### PROBLEM DESCRIPTION
Repeat, word for word, every line from the line holding "Boxer Magnet" through the final line of the entries below. Skip all pictures.
>>>
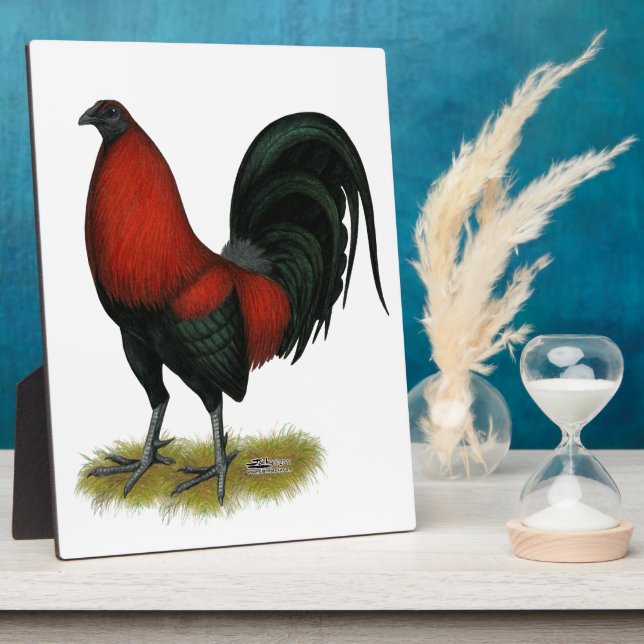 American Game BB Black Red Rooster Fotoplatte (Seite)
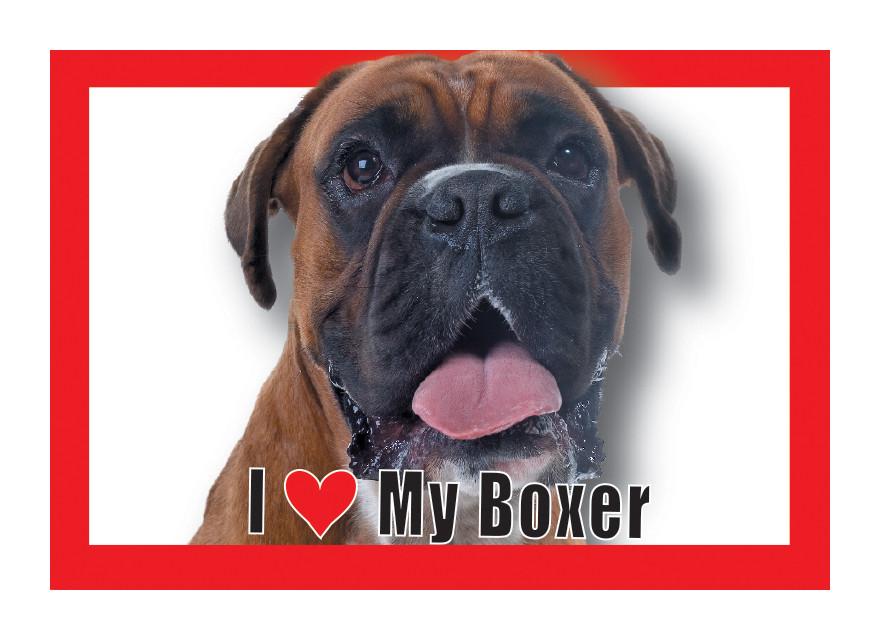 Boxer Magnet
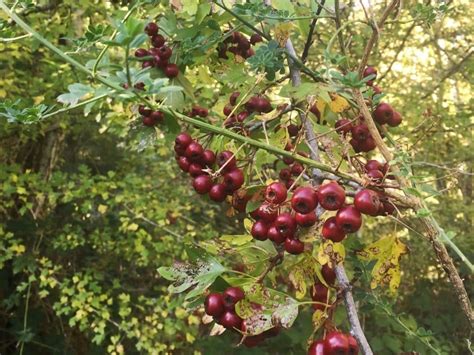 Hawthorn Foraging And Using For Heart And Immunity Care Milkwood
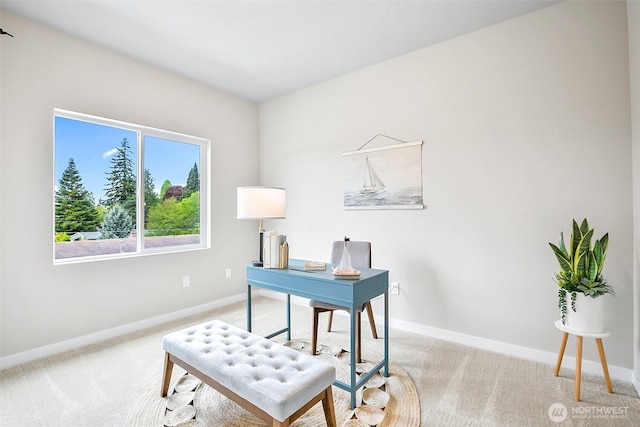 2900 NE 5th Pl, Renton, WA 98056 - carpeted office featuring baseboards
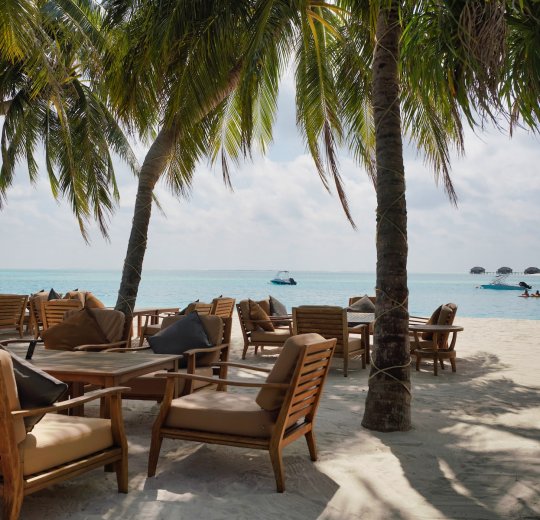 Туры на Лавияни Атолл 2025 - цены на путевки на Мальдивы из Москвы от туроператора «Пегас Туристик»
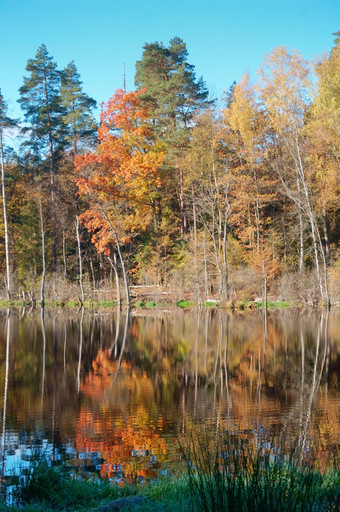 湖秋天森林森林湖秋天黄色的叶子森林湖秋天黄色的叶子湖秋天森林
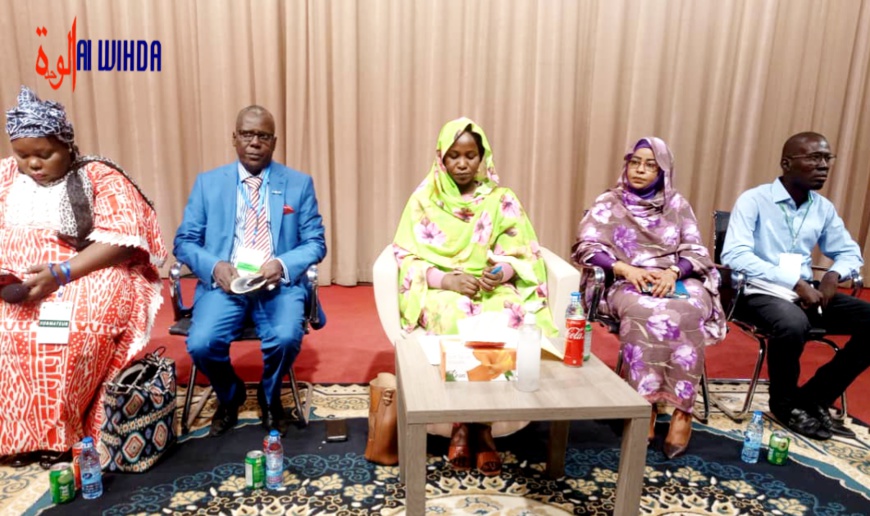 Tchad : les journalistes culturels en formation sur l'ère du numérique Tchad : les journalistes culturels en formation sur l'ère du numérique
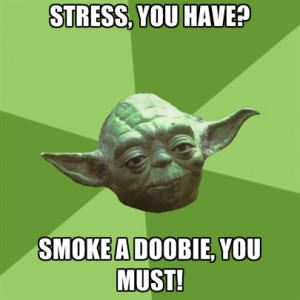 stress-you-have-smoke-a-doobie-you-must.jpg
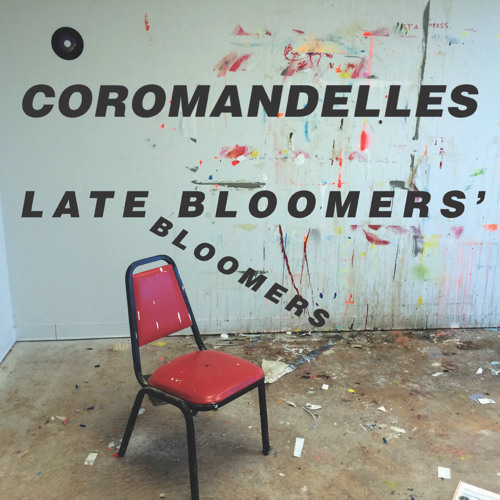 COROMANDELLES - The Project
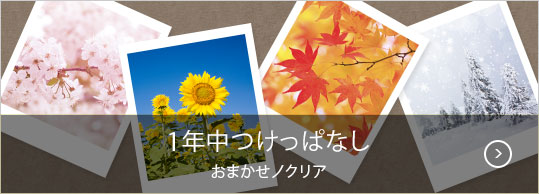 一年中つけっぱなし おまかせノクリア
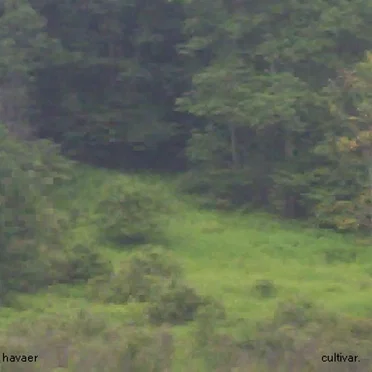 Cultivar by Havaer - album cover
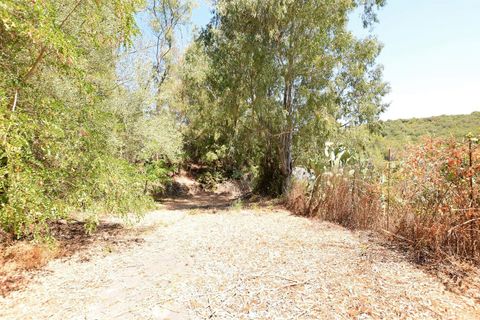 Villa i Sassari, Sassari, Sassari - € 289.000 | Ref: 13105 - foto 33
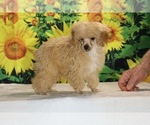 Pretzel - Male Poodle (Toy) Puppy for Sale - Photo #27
<<<
### RESULT OF THE TASK
 Boxer Magnet
 Hawthorn Foraging And Using For Heart And Immunity Care Milkwood
 2900 NE 5th Pl, Renton, WA 98056 - carpeted office featuring baseboards
 Туры на Лавияни Атолл 2025 - цены на путевки на Мальдивы из Москвы от туроператора «Пегас Туристик»
 湖秋天森林森林湖秋天黄色的叶子森林湖秋天黄色的叶子湖秋天森林
 Tchad : les journalistes culturels en formation sur l'ère du numérique Tchad : les journalistes culturels en formation sur l'ère du numérique
 stress-you-have-smoke-a-doobie-you-must.jpg
 COROMANDELLES - The Project
 一年中つけっぱなし おまかせノクリア
 Cultivar by Havaer - album cover
 Villa i Sassari, Sassari, Sassari - € 289.000 | Ref: 13105 - foto 33
 Pretzel - Male Poodle (Toy) Puppy for Sale - Photo #27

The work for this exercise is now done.